RAVENNE
La ville de Ravenne, située actuellement en terre ferme à 12 km de l’Adriatique, mais fondée dans une zone lagunaire, doit sa fortune à cette localisation, analogue, toutes proportions gardées, au site de Venise. Centre indigène puis romain, la cité connaît une certaine prospérité grâce à l’installation sous Auguste d’un important port de guerre. Alors que ce port commençait à s’ensabler et que la flotte se dispersait, le transfert à Ravenne de la résidence impériale, sous Honorius en 402, et l’installation des rois goths, puis, après la reconquête de 540, la présence des chefs militaires et civils de Byzance firent de Ravenne pendant trois siècles une capitale politique, religieuse et artistique. Ensuite l’invasion lombarde, qui provoqua un nouveau transfert des centres de décision, les variations du niveau des eaux et l’alluvionnement furent à l’origine d’une lente décadence; mais, jusqu’au sac de 1512, la ville, passant de la domination de l’Église à celle des Vénitiens ou gardant son autonomie, reste un des principaux centres de la Romagne. L’administration pontificale en fit ensuite une petite bourgade provinciale. Après la redécouverte de cette ville-musée par les historiens d’art du XIXe siècle, l’ère du pétrole et du gaz l’a brutalement transformé à partir des années 1960 en centre industriel. Cette juxtaposition ne va pas sans poser des problèmes graves pour l’avenir.
Ravenne fut construite à la limite sud du delta du Pô sur un cordon littoral séparant une lagune de la mer et traversé par plusieurs fleuves ou canaux. Ce caractère «amphibie» explique qu’on ait choisi d’aménager à cet emplacement un port de guerre et que la cité soit devenue un refuge lors des invasions.
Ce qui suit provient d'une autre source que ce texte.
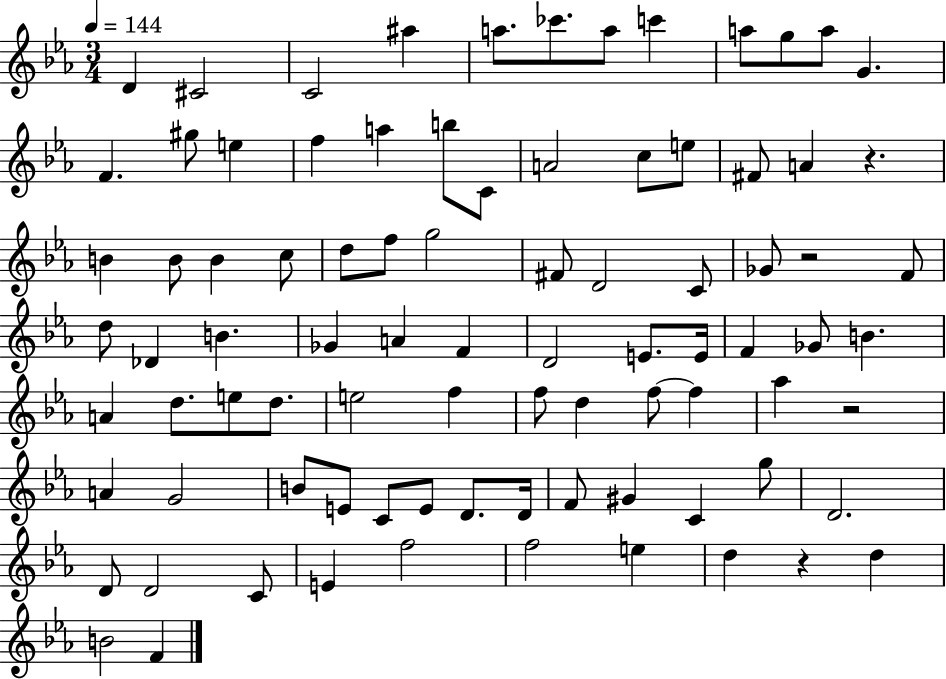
X:1
T:Untitled
M:3/4
L:1/4
K:Eb
D ^C2 C2 ^a a/2 _c'/2 a/2 c' a/2 g/2 a/2 G F ^g/2 e f a b/2 C/2 A2 c/2 e/2 ^F/2 A z B B/2 B c/2 d/2 f/2 g2 ^F/2 D2 C/2 _G/2 z2 F/2 d/2 _D B _G A F D2 E/2 E/4 F _G/2 B A d/2 e/2 d/2 e2 f f/2 d f/2 f _a z2 A G2 B/2 E/2 C/2 E/2 D/2 D/4 F/2 ^G C g/2 D2 D/2 D2 C/2 E f2 f2 e d z d B2 F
Dans l’Antiquité, une ligne continue de lagunes (les «sept mers»), reliées par des canaux perpendiculaires aux bras du Pô, permettaient, de Ravenne à Altinum, une navigation intralagunaire, plus sûre que celle de l’Adriatique: ainsi la fossa Augusta joignait le port de Ravenne au Pô. Mais des routes reliaient aussi Ravenne à Rimini (Ariminium) au sud, Spina au nord, à Cesena, Forli, Faenza, Bologne (la via Salara du Moyen Âge), et peut-être à la future Ferrare. Par les vallées du Montone, du Ronco ou du Savio, la traversée de l’Apennin et les relations avec la Toscane et l’Ombrie sont relativement faciles. Les phénomènes naturels d’alluvionnement par les fleuves, d’ensablement par la mer, et de variation du niveau des eaux (bradysisme) influèrent constamment sur le destin de la ville et la conservation des monuments.
La ville de Ravenne avant le IVe siècle après J.-C.
L’origine de l’agglomération, dans une région où les Grecs avaient fondé des comptoirs depuis le VIIe siècle (Spina) et que se disputèrent les Étrusques, les Gaulois et les peuples de l’Italie centrale (Ombriens selon Strabon, Sabins d’après Pline), reste incertaine. Sur le cordon littoral, Ravenne est avec Spina (34 km au nord) un des gisements archéologiques anciens, et l’existence d’un peuplement assez dense dès l’époque protohistorique est assurée malgré l’absence de recherches systématiques comme à Rimini. Cette frange côtière, où l’on trouve à la fois des documents de type italique et des témoins des civilisations «villanovienne» (pré-étrusque) et étrusque, semble avoir échappé à l’influence celte.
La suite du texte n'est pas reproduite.